**INSTRUCTIONS FOR THE TASK:**
Take the line that holds "Kyoto: Gion World" and every line after it to the end of the entries, and repeat them exactly without the pictures.

**********

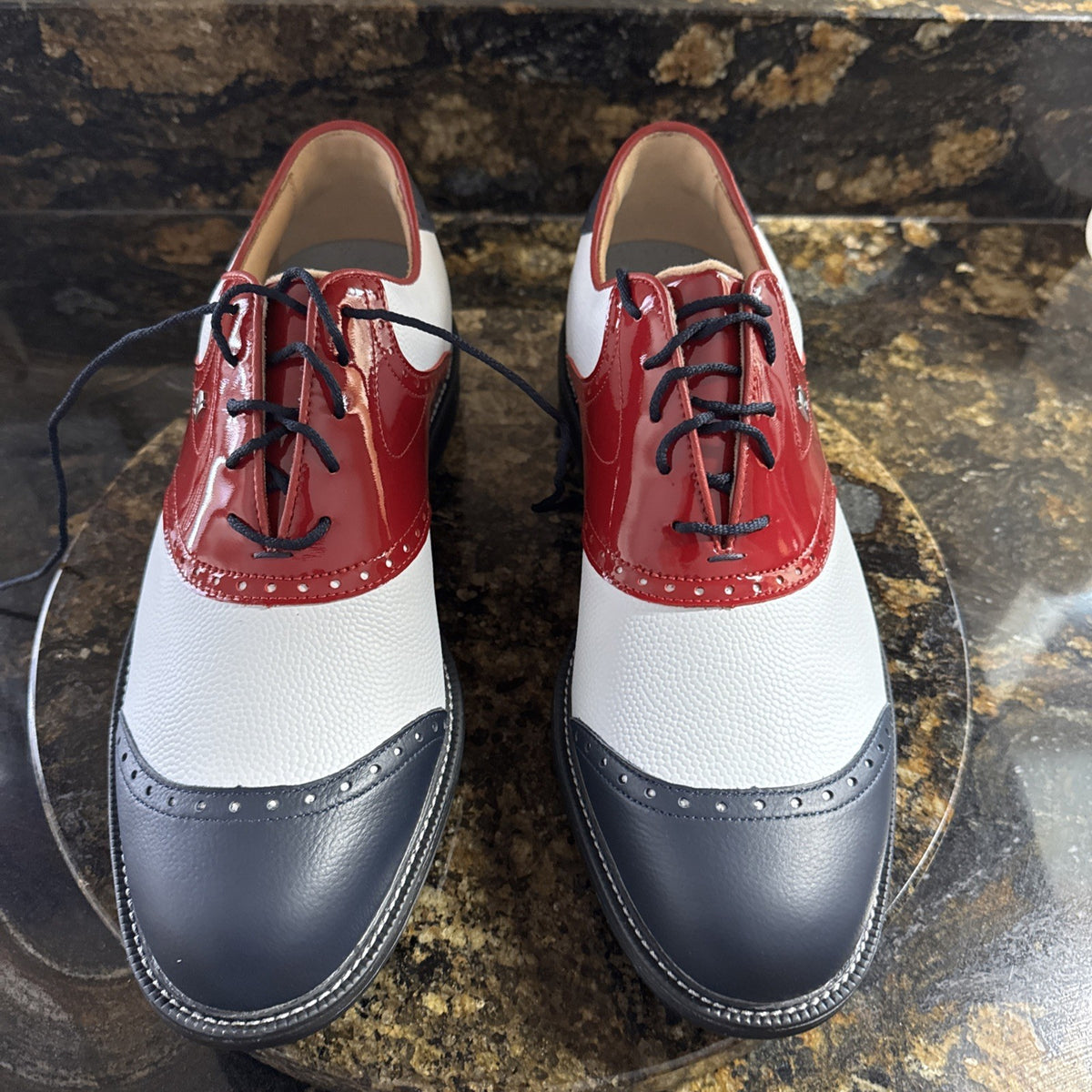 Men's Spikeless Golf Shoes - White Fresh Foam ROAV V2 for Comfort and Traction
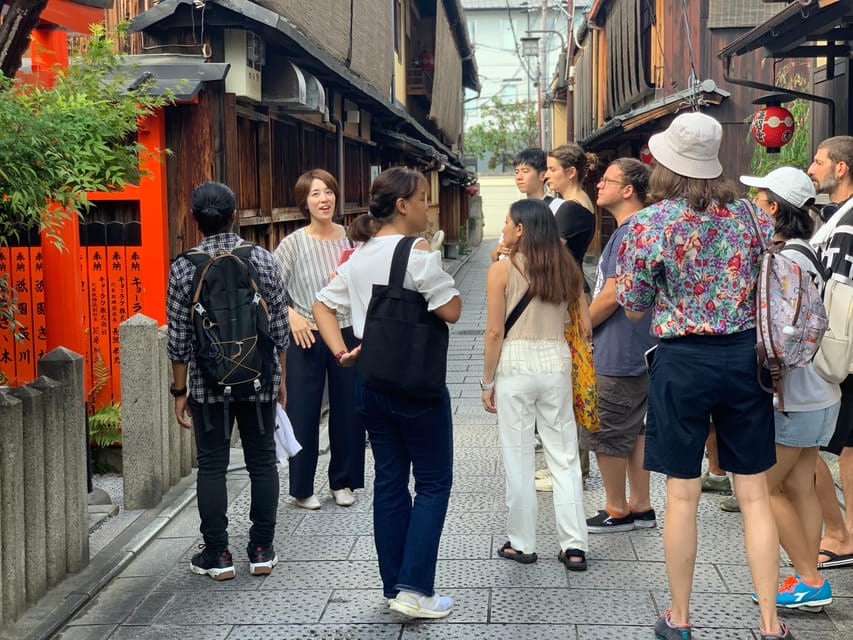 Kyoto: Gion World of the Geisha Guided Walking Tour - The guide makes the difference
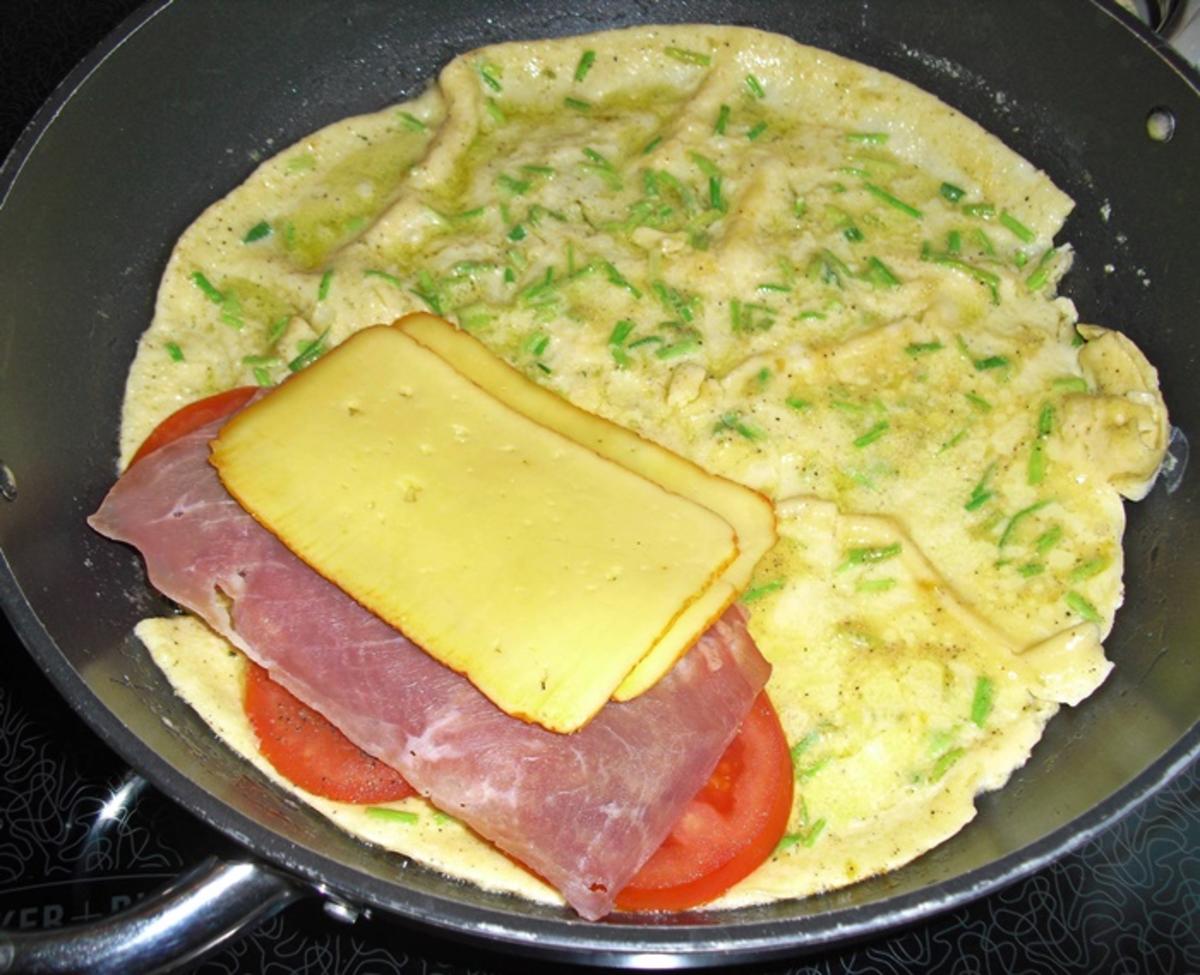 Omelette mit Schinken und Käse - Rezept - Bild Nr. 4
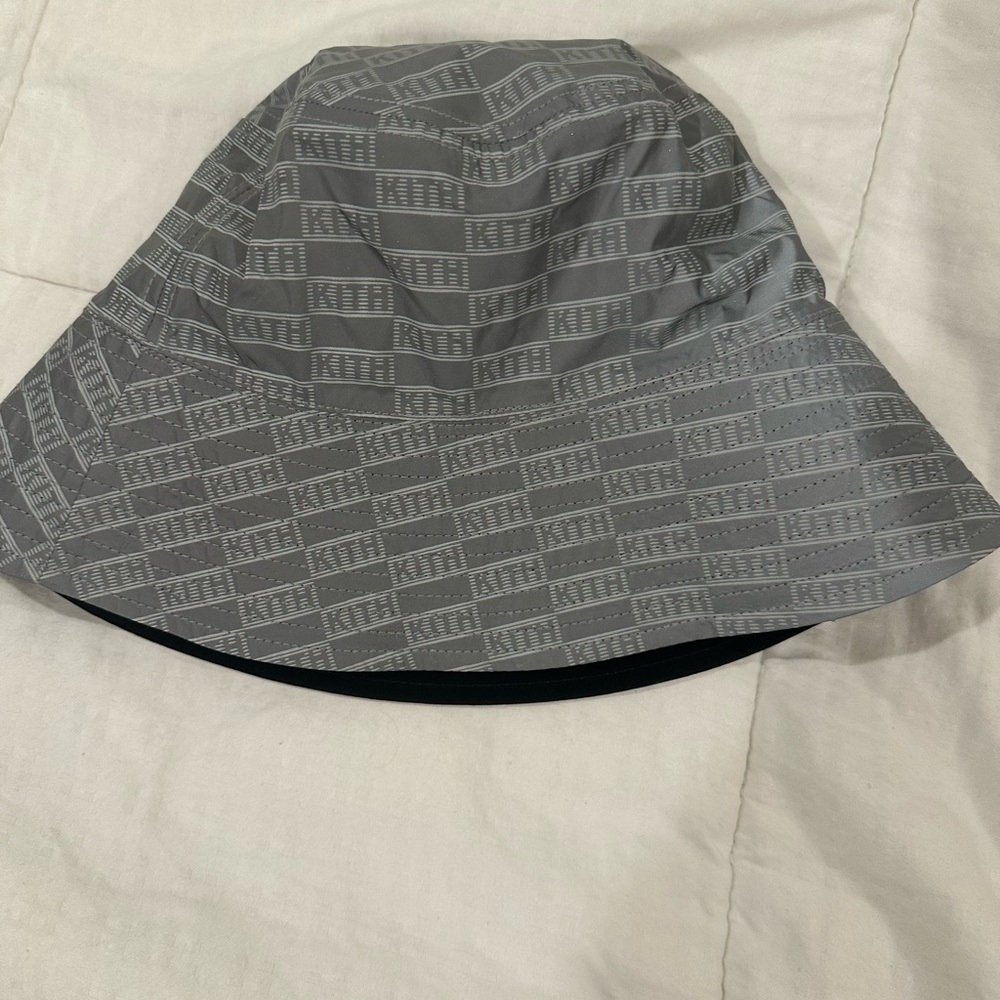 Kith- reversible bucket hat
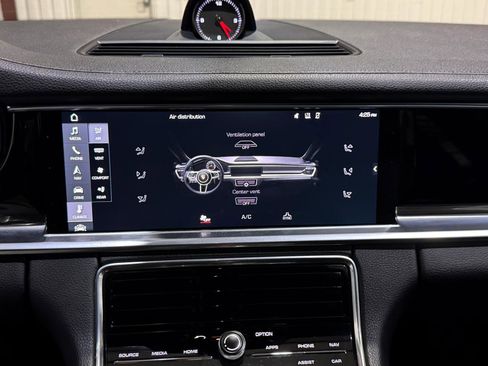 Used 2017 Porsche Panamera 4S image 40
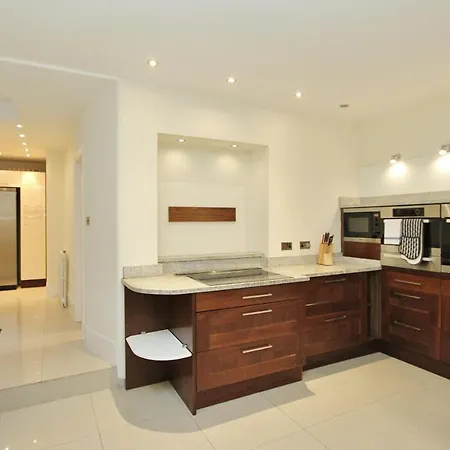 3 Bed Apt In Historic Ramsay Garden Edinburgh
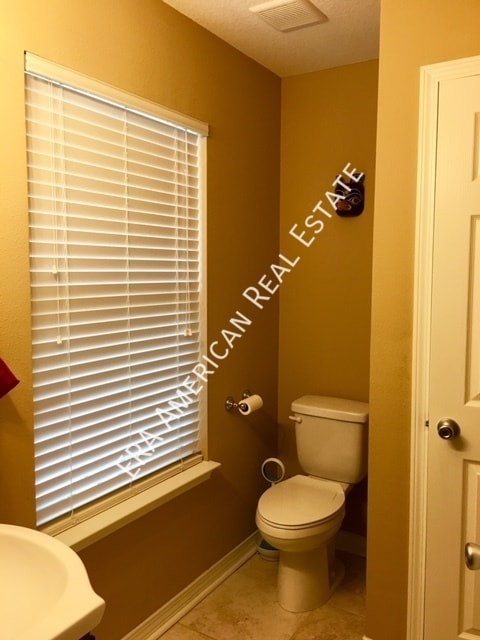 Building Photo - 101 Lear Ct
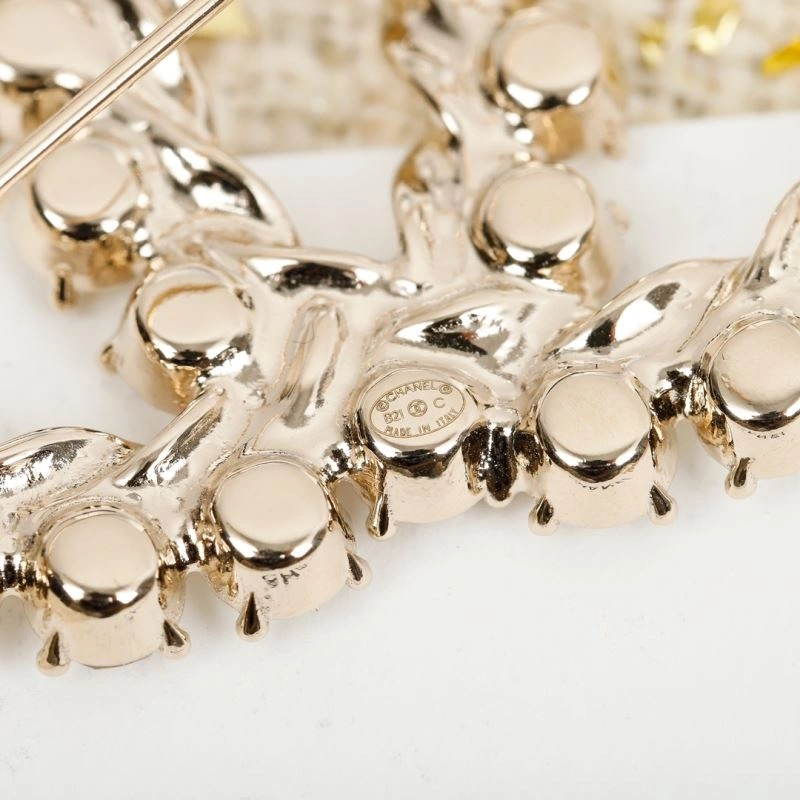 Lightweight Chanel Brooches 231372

**********

**WRITTEN RESPONSE:**
 Kyoto: Gion World of the Geisha Guided Walking Tour - The guide makes the difference
 Omelette mit Schinken und Käse - Rezept - Bild Nr. 4
 Kith- reversible bucket hat
 Used 2017 Porsche Panamera 4S image 40
 3 Bed Apt In Historic Ramsay Garden Edinburgh
 Building Photo - 101 Lear Ct
 Lightweight Chanel Brooches 231372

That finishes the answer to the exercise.